Original Research

The knowledge, attitudes and perceptions of physiotherapists in KwaZulu-Natal, South Africa, towards mental health

Marilyn Hooblaul, Saul Cobbing, Kurt J. Daniels
South African Journal of Physiotherapy | Vol 76, No 1 | a1483 | DOI: https://doi.org/10.4102/sajp.v76i1.1483 | © 2020 Marilyn Hooblaul, Saul Cobbing, Kurt J. Daniels | This work is licensed under CC Attribution 4.0
Submitted: 03 March 2020 | Published: 30 October 2020

About the author(s)

Marilyn Hooblaul, KwaZulu-Natal Department of Health, Ekuhlengeni Psychiatric Hospital, Durban, South Africa
Saul Cobbing, Department of Physiotherapy, University of KwaZulu-Natal, Durban, South Africa
Kurt J. Daniels, Department of Physiotherapy, University of KwaZulu-Natal, Durban, South Africa


Share this article

Bookmark and Share

Abstract

Background: Physiotherapists are trained to manage patients with physical needs, but because of limited training at an undergraduate level in mental health, patients may not receive holistic care. This lack of knowledge often can deny people living with a mental illness (PLWMI) the potential benefits of physiotherapy treatment and exercise.

Objectives: Our study conducted in the KwaZulu-Natal province of South Africa aimed to determine the knowledge, attitudes and perceptions of physiotherapists working in the Department of Health (DoH) in KwaZulu-Natal, South Africa, towards mental health, and to determine whether their undergraduate training prepared them to manage PLWMI.

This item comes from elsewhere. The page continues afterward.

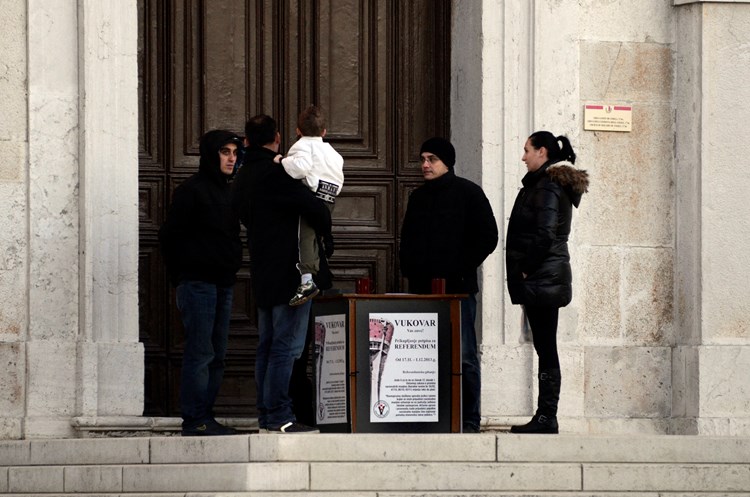 Prikupljanje potpisa za referendum protiv ćirilice ispred crkve na glavnom porečkom trgu (J. PREKALJ)
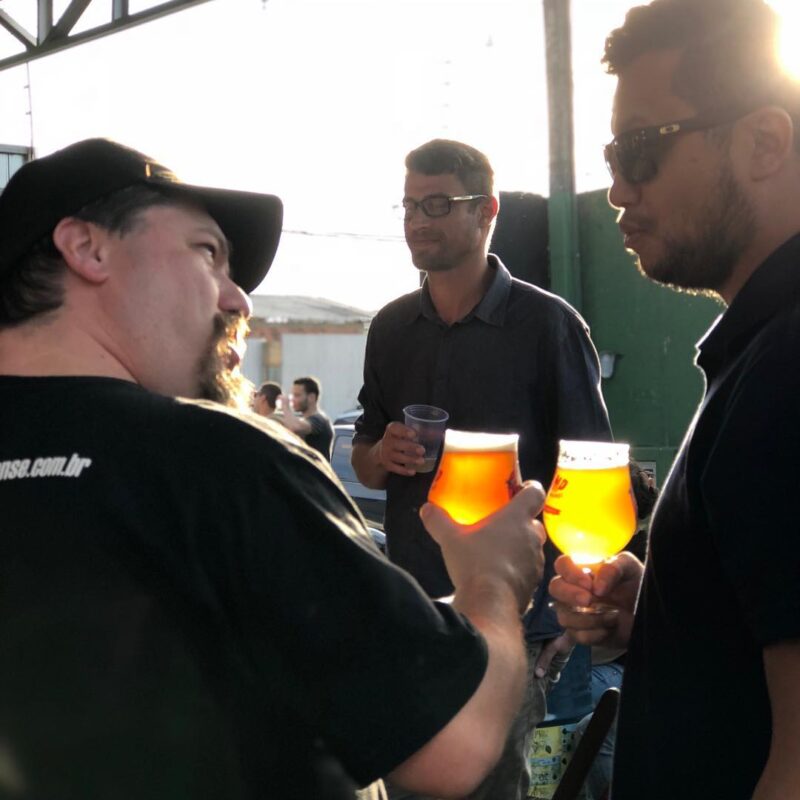 Curtindo o finalzinho de tarde aqui na @swampcervejaria, no copo Sa... • Joy Project Brewing Curitiba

Methods: A mixed-method design was employed. The Attitudes to Psychiatry (ATP-30) questionnaire was distributed to 153 physiotherapists in KwaZulu-Natal. Focus groups were conducted to ascertain whether their undergraduate training prepared them adequately to manage PLWMI.

Results: A total of 124 physiotherapists completed the questionnaires. The mean ATP-30 scores was 103.70 (SD = 11.71). Females had slightly higher ATP-30 scores than males. Physiotherapists indicated in the focus groups that they received limited training about mental health at an undergraduate level.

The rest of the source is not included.